- [Exercise brief]
Span requested from the data below: the line with "エルメス HERMES 美品 22年製 シチズンツイル カードケース 名刺入れ" through the line with "P-NITROPHENYL BETA-D-GALACTOPYRANOSIDURONIC ACID", both included. Give only these lines again, exactly, and leave every picture out.

- [Data]

::::

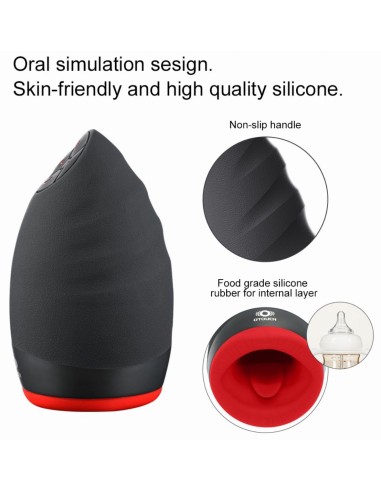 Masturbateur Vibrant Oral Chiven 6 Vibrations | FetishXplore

::::

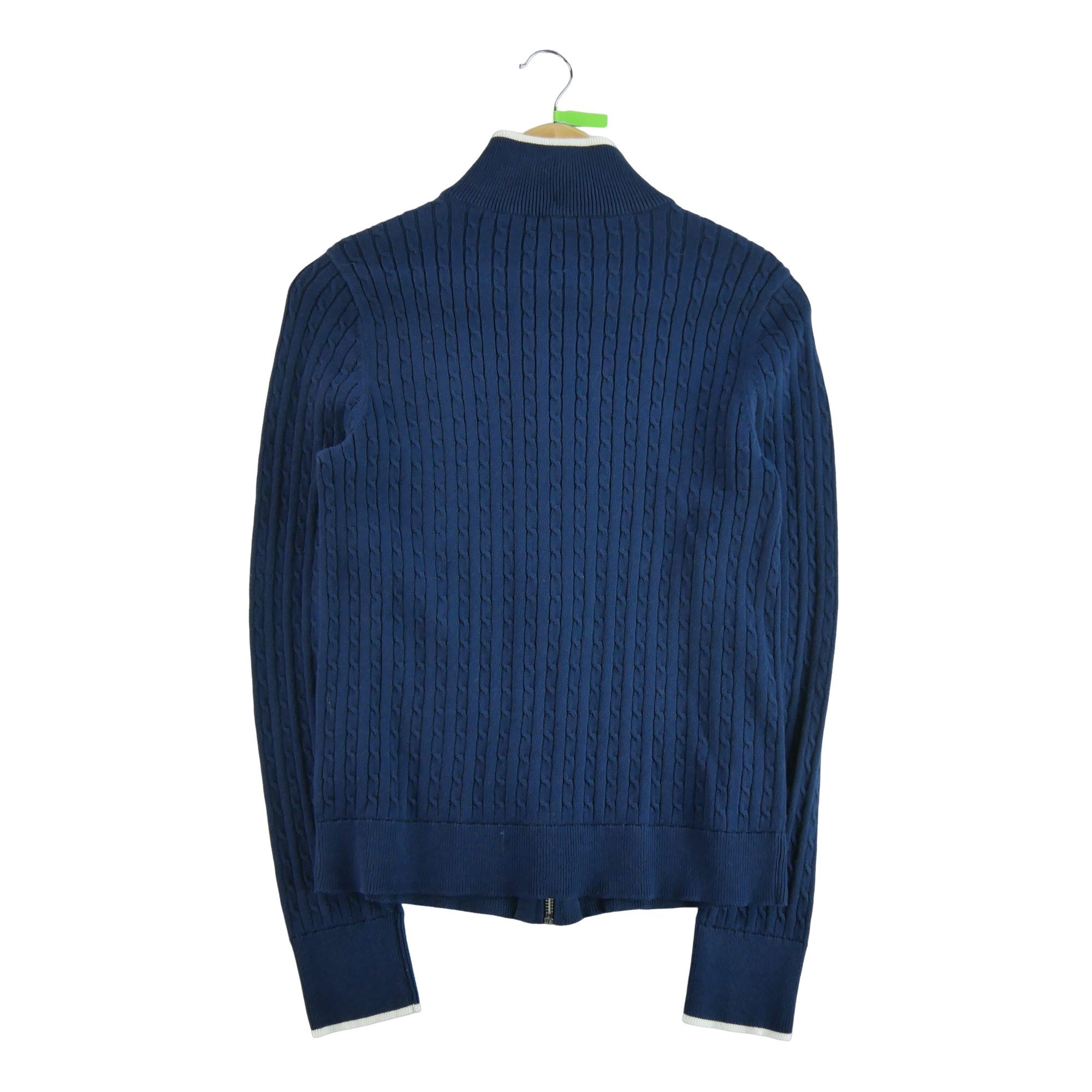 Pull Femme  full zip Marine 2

::::

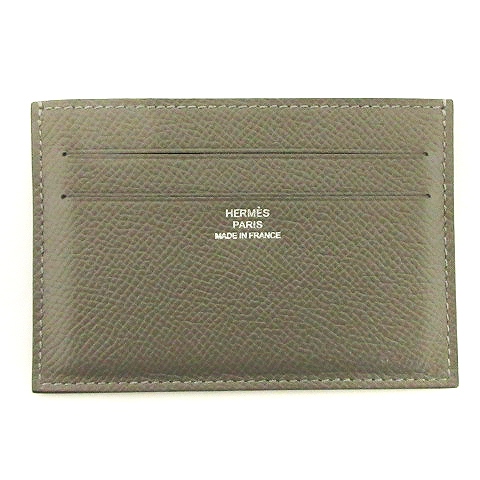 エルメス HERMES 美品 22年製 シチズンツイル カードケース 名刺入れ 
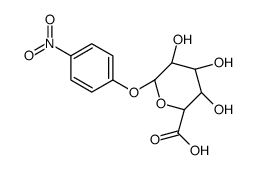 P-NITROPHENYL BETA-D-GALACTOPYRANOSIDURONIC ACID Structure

::::

- [Your response]
 エルメス HERMES 美品 22年製 シチズンツイル カードケース 名刺入れ 
 P-NITROPHENYL BETA-D-GALACTOPYRANOSIDURONIC ACID Structure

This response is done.